Personal information
- Full name: George Lukis Lang
- Born: 23 February 1837 Harrow, Middlesex, England
- Died: 2 June 1898 (aged 61) Camberley, Surrey, England
- Batting: Unknown
- Bowling: Unknown
- Relations: Robert Lang (brother)

Career statistics
| Competition | First-class |
| Matches | 3 |
| Runs scored | 88 |
| Batting average | 29.33 |
| 100s/50s | –/1 |
| Top score | 50 |
| Balls bowled | 192 |
| Wickets | 9 |
| Bowling average | 9.22 |
| 5 wickets in innings | – |
| 10 wickets in match | – |
| Best bowling | 4/30 |
| Catches/stumpings | –/– |
- Source: Cricinfo, 6 August 2019

= George Lang (cricketer) =

English cricketer (1837–1898)

George Lukis Lang (23 February 1837 – 2 June 1898) was an English first-class cricketer.

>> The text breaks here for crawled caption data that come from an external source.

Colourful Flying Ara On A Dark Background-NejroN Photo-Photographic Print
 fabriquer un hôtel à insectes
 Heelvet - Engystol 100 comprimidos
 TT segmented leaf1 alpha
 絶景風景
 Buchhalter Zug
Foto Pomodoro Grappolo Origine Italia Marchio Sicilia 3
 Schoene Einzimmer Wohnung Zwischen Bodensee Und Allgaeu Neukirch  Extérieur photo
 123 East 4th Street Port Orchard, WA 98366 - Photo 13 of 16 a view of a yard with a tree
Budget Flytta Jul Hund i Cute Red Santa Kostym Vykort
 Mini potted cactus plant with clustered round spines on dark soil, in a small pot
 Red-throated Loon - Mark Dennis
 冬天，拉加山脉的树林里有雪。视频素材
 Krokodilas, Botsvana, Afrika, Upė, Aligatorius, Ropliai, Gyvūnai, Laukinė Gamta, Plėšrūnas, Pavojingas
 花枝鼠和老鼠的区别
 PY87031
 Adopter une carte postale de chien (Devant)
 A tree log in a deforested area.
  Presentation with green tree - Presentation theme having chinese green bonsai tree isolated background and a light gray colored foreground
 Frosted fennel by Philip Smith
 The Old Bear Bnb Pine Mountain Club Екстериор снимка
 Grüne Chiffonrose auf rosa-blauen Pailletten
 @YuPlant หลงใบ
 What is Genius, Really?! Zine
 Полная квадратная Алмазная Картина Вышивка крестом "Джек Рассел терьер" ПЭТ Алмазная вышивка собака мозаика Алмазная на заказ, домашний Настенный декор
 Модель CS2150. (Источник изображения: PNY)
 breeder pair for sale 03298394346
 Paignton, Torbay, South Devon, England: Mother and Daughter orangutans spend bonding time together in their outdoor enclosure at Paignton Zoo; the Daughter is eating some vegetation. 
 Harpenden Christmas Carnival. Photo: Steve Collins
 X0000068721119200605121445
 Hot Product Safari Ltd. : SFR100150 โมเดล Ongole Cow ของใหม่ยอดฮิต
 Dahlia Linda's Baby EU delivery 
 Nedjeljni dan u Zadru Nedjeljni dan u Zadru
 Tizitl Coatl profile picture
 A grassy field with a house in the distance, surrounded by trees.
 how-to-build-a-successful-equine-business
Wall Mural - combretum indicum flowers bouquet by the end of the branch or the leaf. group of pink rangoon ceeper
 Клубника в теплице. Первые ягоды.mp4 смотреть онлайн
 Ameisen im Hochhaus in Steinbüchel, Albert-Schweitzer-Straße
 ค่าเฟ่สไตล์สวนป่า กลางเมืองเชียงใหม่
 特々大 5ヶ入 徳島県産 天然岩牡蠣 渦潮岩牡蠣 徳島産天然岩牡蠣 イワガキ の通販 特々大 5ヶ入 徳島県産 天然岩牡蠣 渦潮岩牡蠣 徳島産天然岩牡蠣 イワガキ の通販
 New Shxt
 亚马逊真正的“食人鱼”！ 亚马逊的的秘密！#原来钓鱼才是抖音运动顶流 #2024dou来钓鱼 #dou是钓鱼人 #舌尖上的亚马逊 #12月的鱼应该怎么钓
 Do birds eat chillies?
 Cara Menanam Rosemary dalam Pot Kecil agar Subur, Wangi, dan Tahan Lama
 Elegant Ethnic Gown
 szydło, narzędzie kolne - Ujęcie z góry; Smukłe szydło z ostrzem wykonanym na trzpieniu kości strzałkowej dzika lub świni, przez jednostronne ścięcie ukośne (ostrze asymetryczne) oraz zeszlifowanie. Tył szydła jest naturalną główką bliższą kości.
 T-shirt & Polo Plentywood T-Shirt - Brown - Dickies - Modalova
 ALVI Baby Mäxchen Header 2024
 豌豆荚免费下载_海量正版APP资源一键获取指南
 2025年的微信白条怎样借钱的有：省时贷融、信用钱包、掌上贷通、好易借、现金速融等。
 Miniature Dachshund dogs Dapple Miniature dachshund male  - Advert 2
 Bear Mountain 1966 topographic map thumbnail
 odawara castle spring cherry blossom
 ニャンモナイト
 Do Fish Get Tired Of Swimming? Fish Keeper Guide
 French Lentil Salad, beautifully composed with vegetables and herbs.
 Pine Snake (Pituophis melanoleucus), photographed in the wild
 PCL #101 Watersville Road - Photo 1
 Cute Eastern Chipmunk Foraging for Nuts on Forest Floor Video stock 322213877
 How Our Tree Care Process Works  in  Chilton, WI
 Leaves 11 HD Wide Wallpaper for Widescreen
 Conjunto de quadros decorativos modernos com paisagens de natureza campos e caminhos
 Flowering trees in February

The son of Arthur Lang, he was born at Harrow in February 1937. He was educated firstly at Harrow School, before attending Haileybury and Imperial Service College. Lang appeared three times in first-class cricket for the Gentlemen of England in 1856-57, making two appearances against the Gentlemen of Surrey and Sussex and once appearance against the Gentlemen of Kent and Sussex. He scored a total of 88 runs in his three matches, at an average of 29.33 and a high score of 50. With the ball, he took 9 wickets at a bowling average of 9.22 and best figures of 4 for 30. He left for British India in 1858, where he served in the Indian Civil Service until 1898. Lang died at Camberley in June 1898. His brother, Robert, also played first-class cricket.